### [Requirement]
Copy all records exactly, excluding images.

Items from a data source
*****

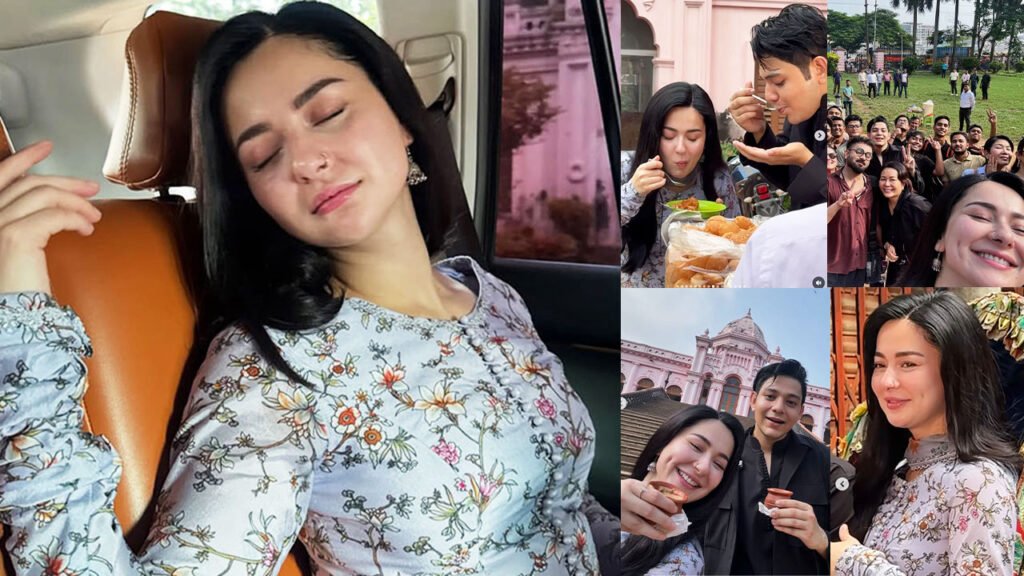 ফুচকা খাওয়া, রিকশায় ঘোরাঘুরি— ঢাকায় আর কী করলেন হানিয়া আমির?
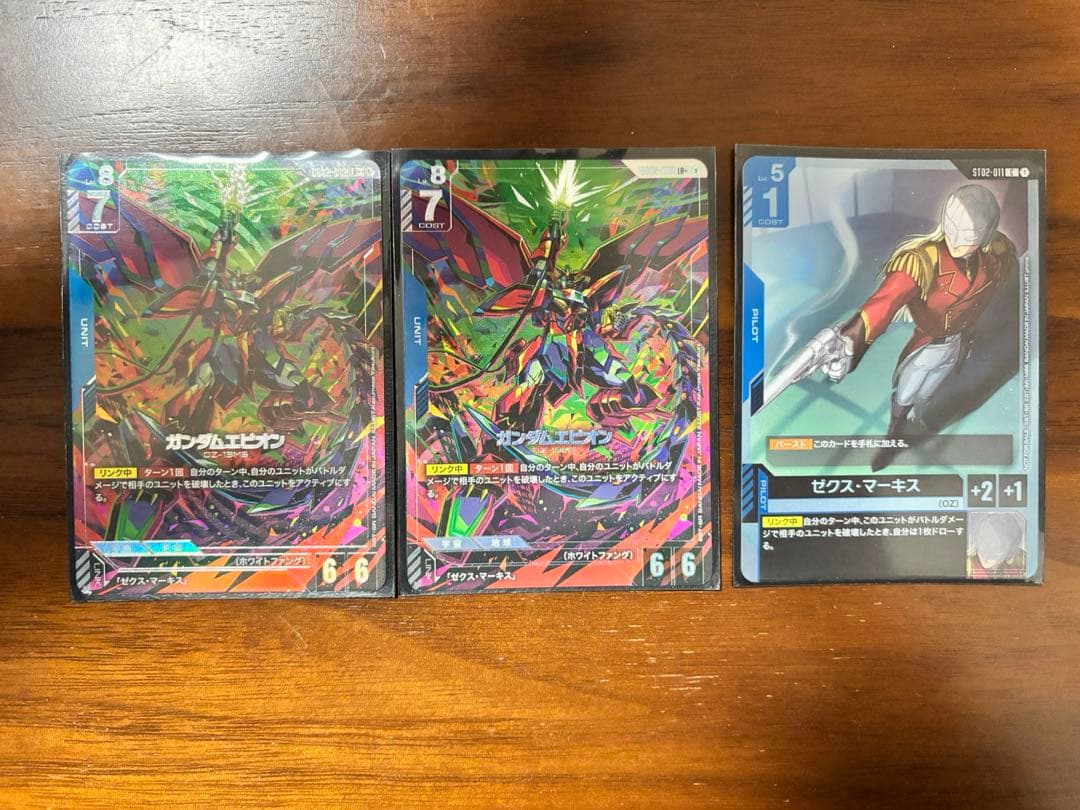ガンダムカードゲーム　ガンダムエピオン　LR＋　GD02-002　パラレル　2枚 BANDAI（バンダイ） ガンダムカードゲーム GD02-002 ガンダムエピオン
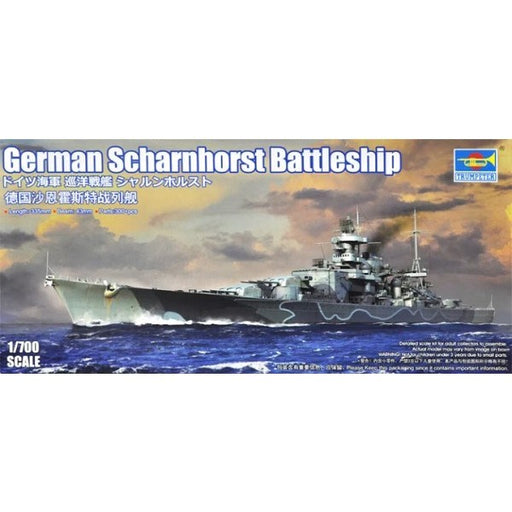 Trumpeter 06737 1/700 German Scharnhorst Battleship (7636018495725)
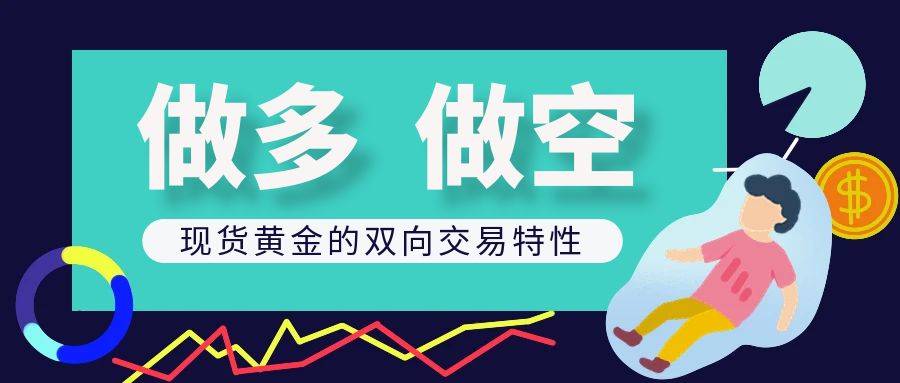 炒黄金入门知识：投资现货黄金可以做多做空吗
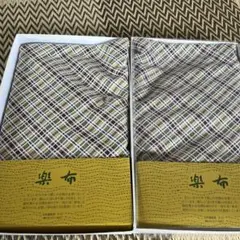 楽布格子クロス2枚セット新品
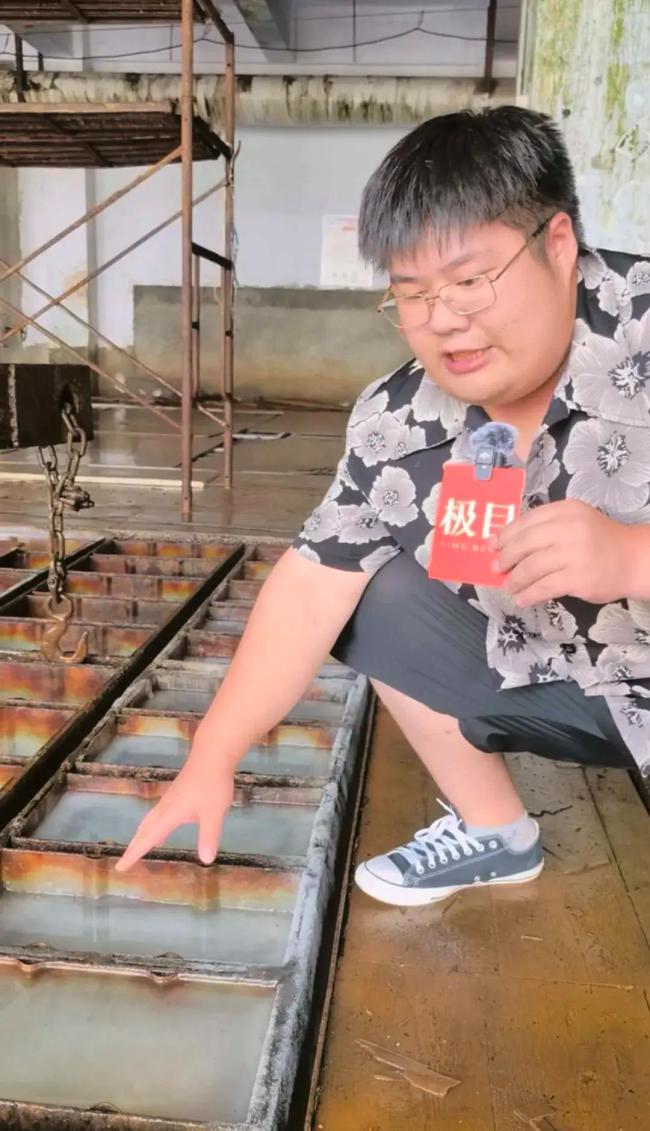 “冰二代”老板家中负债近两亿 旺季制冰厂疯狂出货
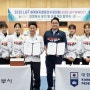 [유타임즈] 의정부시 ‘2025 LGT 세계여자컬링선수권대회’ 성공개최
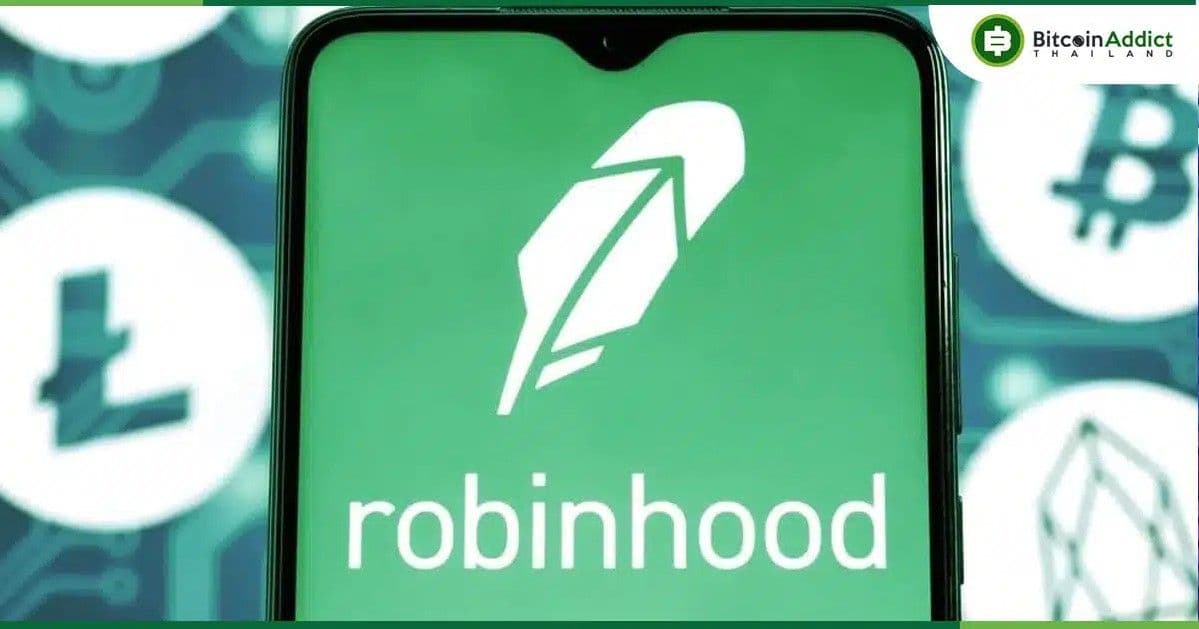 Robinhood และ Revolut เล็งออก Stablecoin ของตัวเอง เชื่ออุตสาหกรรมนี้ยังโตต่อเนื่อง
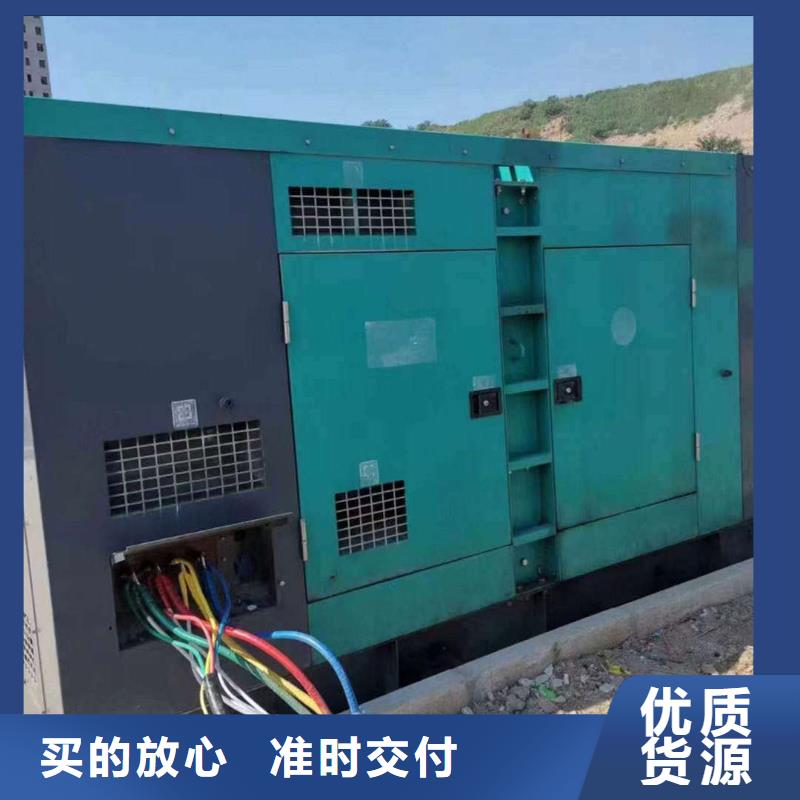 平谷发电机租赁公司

*****

### [Finished exercise]
 ফুচকা খাওয়া, রিকশায় ঘোরাঘুরি— ঢাকায় আর কী করলেন হানিয়া আমির?
ガンダムカードゲーム　ガンダムエピオン　LR＋　GD02-002　パラレル　2枚 BANDAI（バンダイ） ガンダムカードゲーム GD02-002 ガンダムエピオン
 Trumpeter 06737 1/700 German Scharnhorst Battleship (7636018495725)
 炒黄金入门知识：投资现货黄金可以做多做空吗
 楽布格子クロス2枚セット新品
 “冰二代”老板家中负债近两亿 旺季制冰厂疯狂出货
 [유타임즈] 의정부시 ‘2025 LGT 세계여자컬링선수권대회’ 성공개최
 Robinhood และ Revolut เล็งออก Stablecoin ของตัวเอง เชื่ออุตสาหกรรมนี้ยังโตต่อเนื่อง
 平谷发电机租赁公司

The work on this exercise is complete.